The “Golden Book” honors members of the Indiana University community who served in wartime.
I received an unexpected email from Robert Newton of Hillsboro, Oregon, on
June 16, 2008.
He wrote, “My uncle by the same name was in Camp 59.”
In a second note that day, he added, “By the way, my uncle was from Logansport, Indiana, and attended IU before he was drafted and trained at Fort Knox.”
From my office window I can see the the tall limestone gates that mark the main entrance to Indiana University. Just beyond is the “Historic Crescent” group of early IU buildings Robert would have known as a student when he attended here in 1938–40.
During my 30 years at Indiana University I have walked daily over the paths he would have traveled as a student. I am very familiar with buildings where he attended classes.
I’ve learned through University Archives that Robert’s presence here is documented in yearbooks.
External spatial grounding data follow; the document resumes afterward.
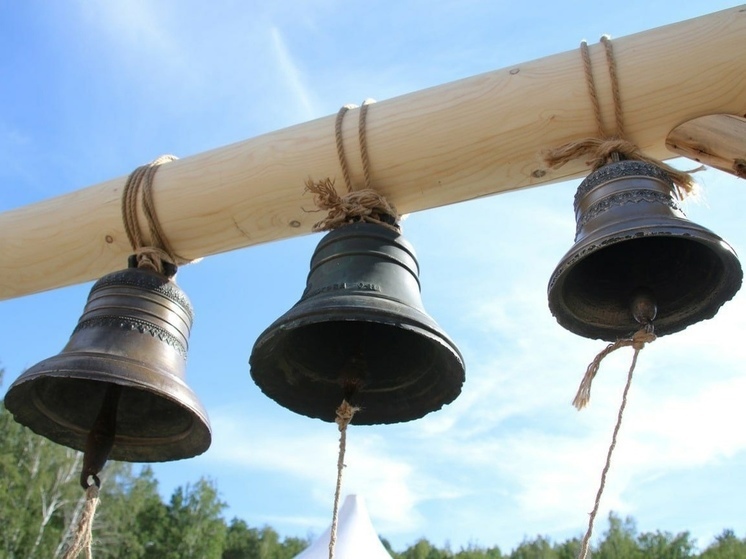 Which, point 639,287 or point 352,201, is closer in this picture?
point 639,287

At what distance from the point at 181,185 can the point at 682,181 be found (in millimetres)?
1858

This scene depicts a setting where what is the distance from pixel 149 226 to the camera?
2.92 meters

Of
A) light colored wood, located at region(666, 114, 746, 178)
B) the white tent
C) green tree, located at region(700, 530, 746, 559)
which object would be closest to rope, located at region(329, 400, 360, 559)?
light colored wood, located at region(666, 114, 746, 178)

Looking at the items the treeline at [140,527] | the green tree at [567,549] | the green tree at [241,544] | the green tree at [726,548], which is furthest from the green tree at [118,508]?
the green tree at [726,548]

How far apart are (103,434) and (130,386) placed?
224 mm

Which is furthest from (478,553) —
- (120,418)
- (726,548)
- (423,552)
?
(120,418)

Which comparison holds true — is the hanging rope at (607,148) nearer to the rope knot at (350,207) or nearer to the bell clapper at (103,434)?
the rope knot at (350,207)

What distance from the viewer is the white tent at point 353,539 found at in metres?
6.68

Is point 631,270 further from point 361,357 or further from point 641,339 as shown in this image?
point 361,357

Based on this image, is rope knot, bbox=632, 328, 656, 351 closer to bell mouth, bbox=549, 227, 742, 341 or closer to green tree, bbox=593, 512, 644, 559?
bell mouth, bbox=549, 227, 742, 341

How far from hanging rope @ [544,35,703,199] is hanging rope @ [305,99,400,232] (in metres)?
0.59

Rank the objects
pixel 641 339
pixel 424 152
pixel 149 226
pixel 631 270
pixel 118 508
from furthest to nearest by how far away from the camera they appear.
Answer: pixel 118 508
pixel 149 226
pixel 424 152
pixel 631 270
pixel 641 339

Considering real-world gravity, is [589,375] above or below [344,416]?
above

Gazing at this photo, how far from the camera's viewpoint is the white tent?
668cm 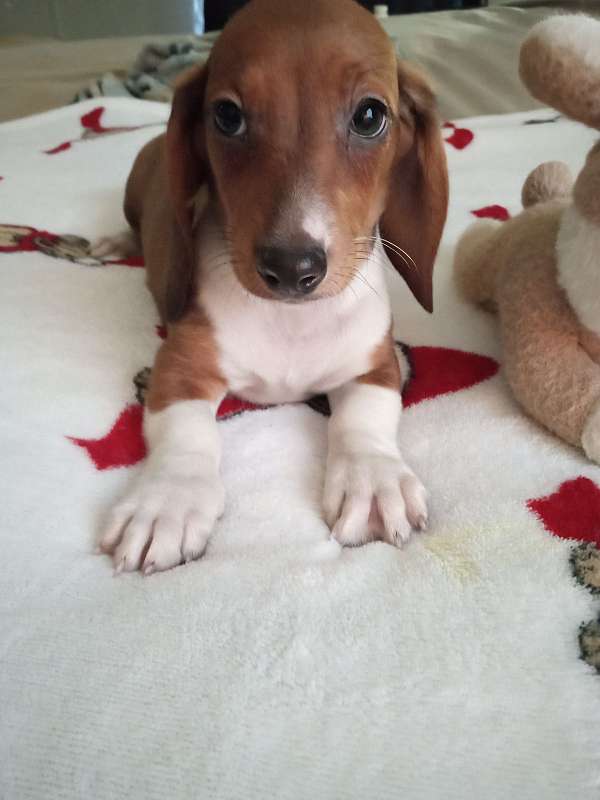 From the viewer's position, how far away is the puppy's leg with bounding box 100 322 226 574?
4.04 feet

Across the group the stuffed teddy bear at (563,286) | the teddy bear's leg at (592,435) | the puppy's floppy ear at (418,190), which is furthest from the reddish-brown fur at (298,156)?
the teddy bear's leg at (592,435)

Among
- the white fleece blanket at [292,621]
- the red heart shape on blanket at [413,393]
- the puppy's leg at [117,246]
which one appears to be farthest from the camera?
the puppy's leg at [117,246]

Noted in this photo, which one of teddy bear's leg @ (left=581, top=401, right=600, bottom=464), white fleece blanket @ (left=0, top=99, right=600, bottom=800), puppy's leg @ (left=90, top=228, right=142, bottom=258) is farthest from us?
puppy's leg @ (left=90, top=228, right=142, bottom=258)

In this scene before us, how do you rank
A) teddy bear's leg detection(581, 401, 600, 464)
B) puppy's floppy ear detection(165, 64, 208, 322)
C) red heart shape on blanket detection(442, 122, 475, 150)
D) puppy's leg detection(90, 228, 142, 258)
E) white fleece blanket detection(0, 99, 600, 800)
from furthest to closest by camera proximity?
red heart shape on blanket detection(442, 122, 475, 150) → puppy's leg detection(90, 228, 142, 258) → puppy's floppy ear detection(165, 64, 208, 322) → teddy bear's leg detection(581, 401, 600, 464) → white fleece blanket detection(0, 99, 600, 800)

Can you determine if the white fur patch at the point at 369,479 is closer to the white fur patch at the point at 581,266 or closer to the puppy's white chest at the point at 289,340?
the puppy's white chest at the point at 289,340

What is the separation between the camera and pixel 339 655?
1002 millimetres

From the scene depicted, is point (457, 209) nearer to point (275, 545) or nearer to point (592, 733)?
point (275, 545)

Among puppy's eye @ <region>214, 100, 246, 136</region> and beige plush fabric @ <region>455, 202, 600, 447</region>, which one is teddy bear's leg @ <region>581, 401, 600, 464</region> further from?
puppy's eye @ <region>214, 100, 246, 136</region>

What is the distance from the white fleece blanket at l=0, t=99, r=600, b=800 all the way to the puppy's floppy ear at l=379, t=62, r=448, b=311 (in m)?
0.27

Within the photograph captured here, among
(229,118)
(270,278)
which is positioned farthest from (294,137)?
(270,278)

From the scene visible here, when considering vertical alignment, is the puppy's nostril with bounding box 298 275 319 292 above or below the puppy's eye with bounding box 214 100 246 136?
below

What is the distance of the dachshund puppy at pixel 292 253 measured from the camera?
1.30 m

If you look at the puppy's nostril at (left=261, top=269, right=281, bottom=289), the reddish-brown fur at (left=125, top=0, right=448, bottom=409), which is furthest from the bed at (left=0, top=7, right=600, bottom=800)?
the puppy's nostril at (left=261, top=269, right=281, bottom=289)

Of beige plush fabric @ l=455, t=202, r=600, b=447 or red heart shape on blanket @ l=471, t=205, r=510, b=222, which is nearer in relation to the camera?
beige plush fabric @ l=455, t=202, r=600, b=447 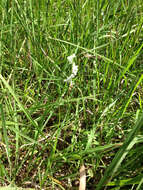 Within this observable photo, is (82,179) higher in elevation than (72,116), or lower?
lower

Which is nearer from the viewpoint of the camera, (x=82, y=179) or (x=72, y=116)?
(x=82, y=179)

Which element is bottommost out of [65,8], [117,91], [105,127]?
[105,127]

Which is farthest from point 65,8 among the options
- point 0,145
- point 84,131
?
point 0,145

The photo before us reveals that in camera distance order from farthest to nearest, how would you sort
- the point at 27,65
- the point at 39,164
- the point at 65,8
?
the point at 65,8
the point at 27,65
the point at 39,164

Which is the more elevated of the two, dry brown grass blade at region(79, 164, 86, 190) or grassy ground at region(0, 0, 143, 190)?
grassy ground at region(0, 0, 143, 190)

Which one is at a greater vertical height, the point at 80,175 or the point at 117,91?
the point at 117,91

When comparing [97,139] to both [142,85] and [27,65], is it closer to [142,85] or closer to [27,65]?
[142,85]


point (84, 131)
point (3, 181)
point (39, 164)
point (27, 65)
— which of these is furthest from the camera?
point (27, 65)

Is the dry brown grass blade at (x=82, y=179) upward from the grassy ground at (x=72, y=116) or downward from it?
downward
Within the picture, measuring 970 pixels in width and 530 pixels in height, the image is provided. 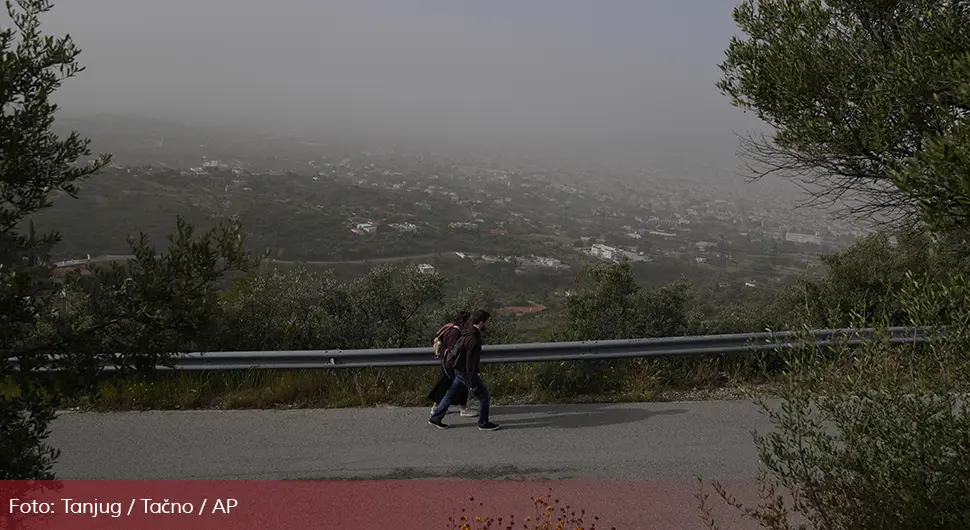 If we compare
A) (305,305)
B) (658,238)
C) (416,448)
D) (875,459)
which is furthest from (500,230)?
(875,459)

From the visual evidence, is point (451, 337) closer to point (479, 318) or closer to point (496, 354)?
point (479, 318)

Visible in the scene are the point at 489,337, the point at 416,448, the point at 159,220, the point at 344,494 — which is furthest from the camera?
the point at 159,220

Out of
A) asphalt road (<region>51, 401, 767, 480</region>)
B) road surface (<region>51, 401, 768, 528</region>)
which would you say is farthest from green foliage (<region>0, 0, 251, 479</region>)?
asphalt road (<region>51, 401, 767, 480</region>)

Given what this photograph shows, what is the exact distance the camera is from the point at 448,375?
7.50 meters

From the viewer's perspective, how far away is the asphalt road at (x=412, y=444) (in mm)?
6234

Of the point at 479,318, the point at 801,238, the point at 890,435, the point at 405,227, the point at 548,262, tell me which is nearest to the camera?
the point at 890,435

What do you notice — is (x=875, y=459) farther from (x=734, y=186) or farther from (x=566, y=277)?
(x=734, y=186)

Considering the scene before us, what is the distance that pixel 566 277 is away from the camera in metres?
27.2

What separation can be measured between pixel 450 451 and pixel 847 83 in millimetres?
5244

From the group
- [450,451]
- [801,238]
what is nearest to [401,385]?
[450,451]

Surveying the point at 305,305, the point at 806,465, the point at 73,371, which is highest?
the point at 73,371

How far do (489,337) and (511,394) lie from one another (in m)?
1.90

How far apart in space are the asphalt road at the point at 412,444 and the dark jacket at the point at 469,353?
0.62m

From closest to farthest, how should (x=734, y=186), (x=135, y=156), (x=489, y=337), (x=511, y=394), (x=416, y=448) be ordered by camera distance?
(x=416, y=448), (x=511, y=394), (x=489, y=337), (x=135, y=156), (x=734, y=186) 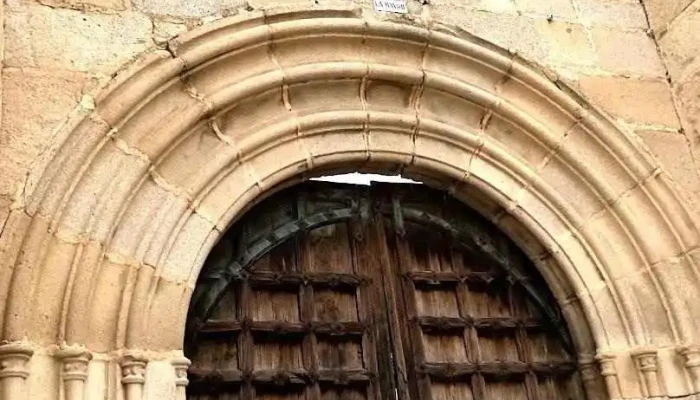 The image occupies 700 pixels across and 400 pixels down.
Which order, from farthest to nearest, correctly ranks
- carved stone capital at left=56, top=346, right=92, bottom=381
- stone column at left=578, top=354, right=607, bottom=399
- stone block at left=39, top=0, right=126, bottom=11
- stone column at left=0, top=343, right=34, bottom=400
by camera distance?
stone column at left=578, top=354, right=607, bottom=399 → stone block at left=39, top=0, right=126, bottom=11 → carved stone capital at left=56, top=346, right=92, bottom=381 → stone column at left=0, top=343, right=34, bottom=400

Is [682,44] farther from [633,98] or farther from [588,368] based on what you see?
[588,368]

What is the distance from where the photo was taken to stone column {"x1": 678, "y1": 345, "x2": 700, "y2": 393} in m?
3.09

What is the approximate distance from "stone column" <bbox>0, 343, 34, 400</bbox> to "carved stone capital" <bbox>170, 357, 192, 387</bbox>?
1.46 ft

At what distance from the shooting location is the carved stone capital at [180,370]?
249 cm

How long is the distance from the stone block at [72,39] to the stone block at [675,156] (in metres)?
2.14

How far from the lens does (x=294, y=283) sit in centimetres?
307

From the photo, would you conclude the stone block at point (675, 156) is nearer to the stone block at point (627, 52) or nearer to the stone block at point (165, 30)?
the stone block at point (627, 52)

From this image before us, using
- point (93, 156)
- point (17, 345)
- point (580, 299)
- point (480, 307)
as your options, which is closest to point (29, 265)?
point (17, 345)

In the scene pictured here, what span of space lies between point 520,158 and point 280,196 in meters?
1.02

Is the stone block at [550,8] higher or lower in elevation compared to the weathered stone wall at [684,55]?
higher

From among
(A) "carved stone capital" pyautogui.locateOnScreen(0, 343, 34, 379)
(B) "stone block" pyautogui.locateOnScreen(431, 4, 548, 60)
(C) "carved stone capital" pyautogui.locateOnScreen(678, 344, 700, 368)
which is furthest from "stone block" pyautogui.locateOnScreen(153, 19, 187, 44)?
(C) "carved stone capital" pyautogui.locateOnScreen(678, 344, 700, 368)

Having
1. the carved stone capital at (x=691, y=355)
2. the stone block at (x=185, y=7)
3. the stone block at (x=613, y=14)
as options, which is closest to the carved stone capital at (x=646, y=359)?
the carved stone capital at (x=691, y=355)

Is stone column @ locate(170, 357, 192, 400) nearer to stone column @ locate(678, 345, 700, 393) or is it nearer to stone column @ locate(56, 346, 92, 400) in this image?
stone column @ locate(56, 346, 92, 400)

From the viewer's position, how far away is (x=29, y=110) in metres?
2.58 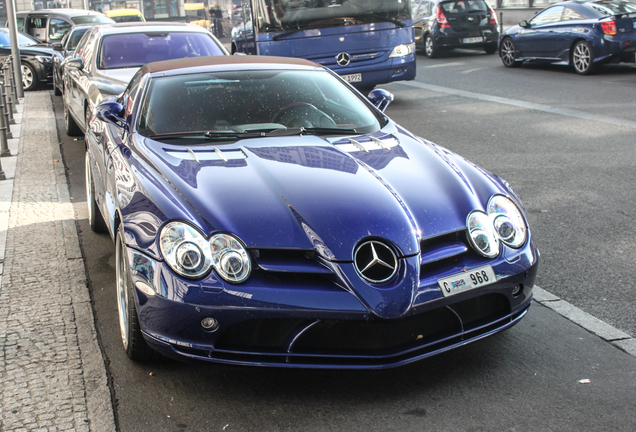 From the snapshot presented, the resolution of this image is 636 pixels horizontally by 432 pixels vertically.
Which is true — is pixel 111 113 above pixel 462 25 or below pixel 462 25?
above

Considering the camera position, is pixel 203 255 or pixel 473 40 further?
pixel 473 40

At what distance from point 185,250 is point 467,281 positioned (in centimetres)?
125

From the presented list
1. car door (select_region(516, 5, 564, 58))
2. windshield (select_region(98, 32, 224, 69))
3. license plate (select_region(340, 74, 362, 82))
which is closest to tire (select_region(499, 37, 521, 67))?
car door (select_region(516, 5, 564, 58))

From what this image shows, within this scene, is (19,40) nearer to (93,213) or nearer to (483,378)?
(93,213)

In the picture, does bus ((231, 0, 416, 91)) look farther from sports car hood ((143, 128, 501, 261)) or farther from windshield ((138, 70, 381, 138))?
sports car hood ((143, 128, 501, 261))

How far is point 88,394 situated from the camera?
10.8 ft

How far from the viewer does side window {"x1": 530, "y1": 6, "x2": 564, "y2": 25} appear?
15.7 meters

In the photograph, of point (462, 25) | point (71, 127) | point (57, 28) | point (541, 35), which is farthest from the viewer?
point (57, 28)

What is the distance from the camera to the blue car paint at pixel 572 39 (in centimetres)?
1433

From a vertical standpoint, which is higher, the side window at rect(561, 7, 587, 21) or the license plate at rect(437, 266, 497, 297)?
the side window at rect(561, 7, 587, 21)

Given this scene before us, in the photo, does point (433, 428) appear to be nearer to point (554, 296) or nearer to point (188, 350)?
point (188, 350)

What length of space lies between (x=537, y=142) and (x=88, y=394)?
6.92 meters

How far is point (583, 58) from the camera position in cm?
1494

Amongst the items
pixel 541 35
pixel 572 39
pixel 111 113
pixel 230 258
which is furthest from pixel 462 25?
pixel 230 258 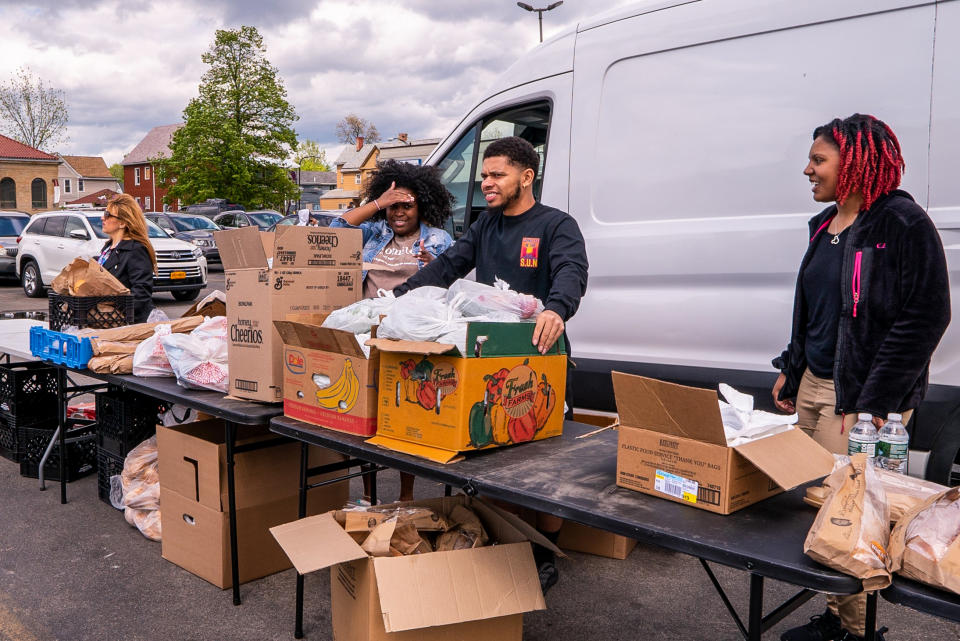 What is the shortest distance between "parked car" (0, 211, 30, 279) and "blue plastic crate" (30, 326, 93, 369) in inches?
539

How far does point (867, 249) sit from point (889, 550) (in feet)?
3.62

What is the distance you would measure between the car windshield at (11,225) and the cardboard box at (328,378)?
16.7m

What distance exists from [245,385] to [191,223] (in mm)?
17373

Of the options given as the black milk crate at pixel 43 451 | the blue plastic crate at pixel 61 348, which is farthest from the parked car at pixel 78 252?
the blue plastic crate at pixel 61 348

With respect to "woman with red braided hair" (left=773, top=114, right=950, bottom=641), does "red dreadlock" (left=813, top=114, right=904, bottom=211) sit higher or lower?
higher

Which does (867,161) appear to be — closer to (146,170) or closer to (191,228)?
(191,228)

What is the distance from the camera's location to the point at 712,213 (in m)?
3.38

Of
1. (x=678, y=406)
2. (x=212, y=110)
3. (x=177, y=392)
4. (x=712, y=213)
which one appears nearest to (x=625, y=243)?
(x=712, y=213)

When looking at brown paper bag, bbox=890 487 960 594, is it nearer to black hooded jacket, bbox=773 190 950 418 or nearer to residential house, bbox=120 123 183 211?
black hooded jacket, bbox=773 190 950 418

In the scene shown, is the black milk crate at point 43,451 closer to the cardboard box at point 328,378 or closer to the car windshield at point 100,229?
the cardboard box at point 328,378

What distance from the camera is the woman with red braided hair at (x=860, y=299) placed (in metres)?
2.20

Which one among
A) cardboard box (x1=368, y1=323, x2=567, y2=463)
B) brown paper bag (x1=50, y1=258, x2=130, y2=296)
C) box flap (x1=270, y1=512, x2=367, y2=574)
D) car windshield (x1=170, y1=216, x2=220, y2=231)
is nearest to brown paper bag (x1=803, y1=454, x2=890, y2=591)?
cardboard box (x1=368, y1=323, x2=567, y2=463)

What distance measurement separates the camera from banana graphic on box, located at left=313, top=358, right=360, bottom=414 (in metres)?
2.54

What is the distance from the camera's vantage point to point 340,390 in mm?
2590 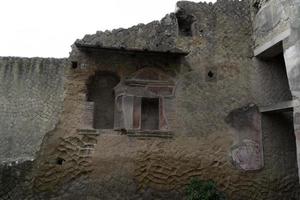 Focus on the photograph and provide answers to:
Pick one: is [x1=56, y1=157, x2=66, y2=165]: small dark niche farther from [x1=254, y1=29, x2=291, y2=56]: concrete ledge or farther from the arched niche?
[x1=254, y1=29, x2=291, y2=56]: concrete ledge

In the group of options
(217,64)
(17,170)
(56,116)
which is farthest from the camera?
(217,64)

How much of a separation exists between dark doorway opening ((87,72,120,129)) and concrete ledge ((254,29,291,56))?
110 inches

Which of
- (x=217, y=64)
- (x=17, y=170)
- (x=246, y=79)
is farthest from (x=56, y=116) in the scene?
(x=246, y=79)

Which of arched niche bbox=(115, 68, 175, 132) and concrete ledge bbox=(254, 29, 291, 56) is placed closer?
concrete ledge bbox=(254, 29, 291, 56)

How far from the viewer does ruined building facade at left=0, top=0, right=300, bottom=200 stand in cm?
542

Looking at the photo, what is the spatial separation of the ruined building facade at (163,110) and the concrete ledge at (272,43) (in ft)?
0.08

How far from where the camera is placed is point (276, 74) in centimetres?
655

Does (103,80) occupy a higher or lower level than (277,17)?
lower

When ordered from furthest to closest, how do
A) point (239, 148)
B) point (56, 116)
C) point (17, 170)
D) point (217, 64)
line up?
point (217, 64), point (239, 148), point (56, 116), point (17, 170)

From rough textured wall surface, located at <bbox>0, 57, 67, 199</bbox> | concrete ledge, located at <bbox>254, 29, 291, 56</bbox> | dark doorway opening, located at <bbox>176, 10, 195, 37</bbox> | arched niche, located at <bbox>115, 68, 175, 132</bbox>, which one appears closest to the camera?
rough textured wall surface, located at <bbox>0, 57, 67, 199</bbox>

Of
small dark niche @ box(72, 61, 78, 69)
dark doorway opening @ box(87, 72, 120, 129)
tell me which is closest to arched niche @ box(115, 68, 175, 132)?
dark doorway opening @ box(87, 72, 120, 129)

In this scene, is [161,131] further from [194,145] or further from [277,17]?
[277,17]

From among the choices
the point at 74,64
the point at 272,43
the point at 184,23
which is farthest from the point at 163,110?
the point at 272,43

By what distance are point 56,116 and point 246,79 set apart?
3.66 metres
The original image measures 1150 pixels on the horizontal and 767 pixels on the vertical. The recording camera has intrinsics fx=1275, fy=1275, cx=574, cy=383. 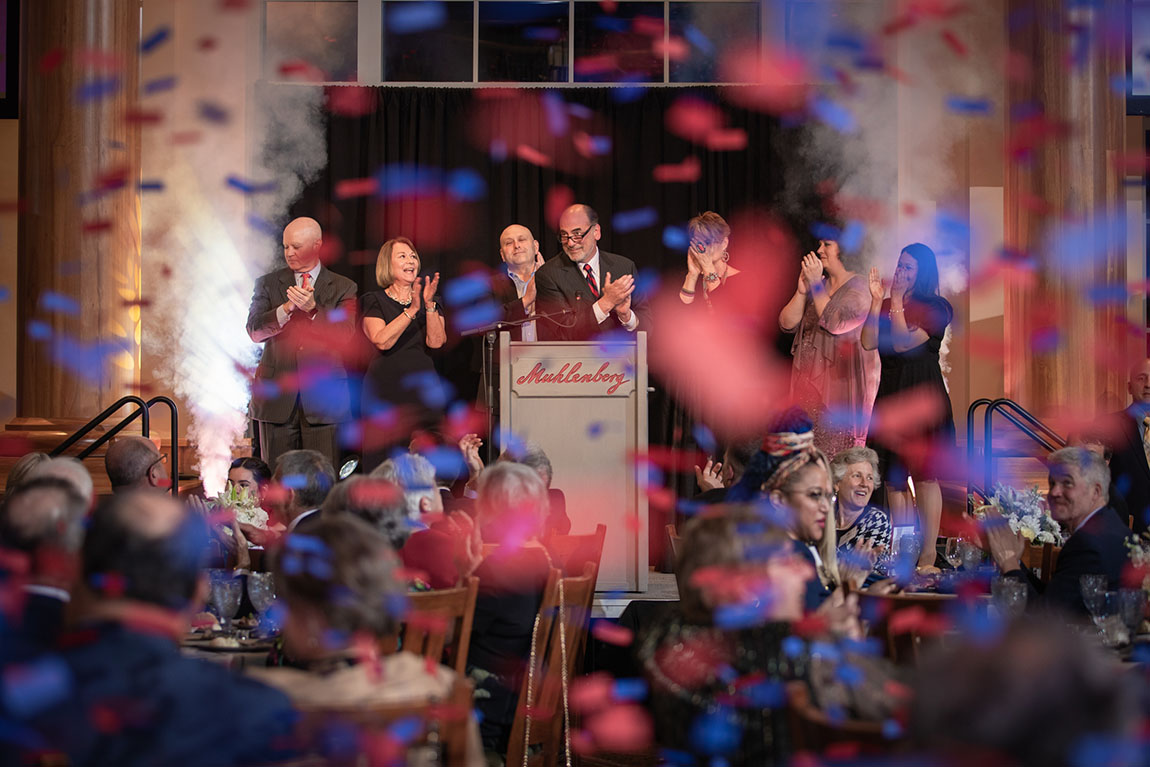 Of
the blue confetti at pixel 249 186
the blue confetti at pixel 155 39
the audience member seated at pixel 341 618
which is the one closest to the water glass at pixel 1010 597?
the audience member seated at pixel 341 618

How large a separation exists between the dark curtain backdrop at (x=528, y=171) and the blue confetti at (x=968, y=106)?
1123 mm

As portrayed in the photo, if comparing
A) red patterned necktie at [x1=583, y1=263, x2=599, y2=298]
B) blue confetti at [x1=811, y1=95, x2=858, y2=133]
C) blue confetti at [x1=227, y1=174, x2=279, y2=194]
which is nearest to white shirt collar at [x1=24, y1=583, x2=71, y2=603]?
red patterned necktie at [x1=583, y1=263, x2=599, y2=298]

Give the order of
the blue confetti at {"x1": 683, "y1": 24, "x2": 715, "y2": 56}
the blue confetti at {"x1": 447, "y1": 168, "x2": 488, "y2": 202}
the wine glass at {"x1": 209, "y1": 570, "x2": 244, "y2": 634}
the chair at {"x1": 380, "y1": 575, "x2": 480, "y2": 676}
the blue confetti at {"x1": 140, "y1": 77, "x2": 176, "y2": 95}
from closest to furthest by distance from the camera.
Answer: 1. the chair at {"x1": 380, "y1": 575, "x2": 480, "y2": 676}
2. the wine glass at {"x1": 209, "y1": 570, "x2": 244, "y2": 634}
3. the blue confetti at {"x1": 447, "y1": 168, "x2": 488, "y2": 202}
4. the blue confetti at {"x1": 140, "y1": 77, "x2": 176, "y2": 95}
5. the blue confetti at {"x1": 683, "y1": 24, "x2": 715, "y2": 56}

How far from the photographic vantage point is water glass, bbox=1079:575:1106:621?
11.5 ft

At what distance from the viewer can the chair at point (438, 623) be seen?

I like to imagine the excitement he felt on coming to college—an opportunity few young men and women had in the late ’30s. But, I am saddened to think how Robert’s education was interrupted by war and that he never returned to school and the full life that he might have led.
In the Indiana Memorial Union there is a room called the Memorial Room.
It is a chapel of sorts, with centuries-old stained glass windows from Europe and an elaborately carved wooden mantel that supports a large, open book—the “Golden Book.” The volume contains the names of “sons and daughters of Indiana University” who served in the nation’s wars.
The room is dedicated to “remembering that the cataclysm of war has entered into the lives of many members of this University.”
Last week I asked that the book be turned to the page that bears Robert’s name.
The names around Robert’s are those of other men who were killed in action during WWII—in Normandy, Germany, the Pacific, and other battlefields.
The inscription for Robert reads:
Newton, Robert Alvey
U.S.A. Tank Corps
Killed in Action in Italy, March 9, 1944.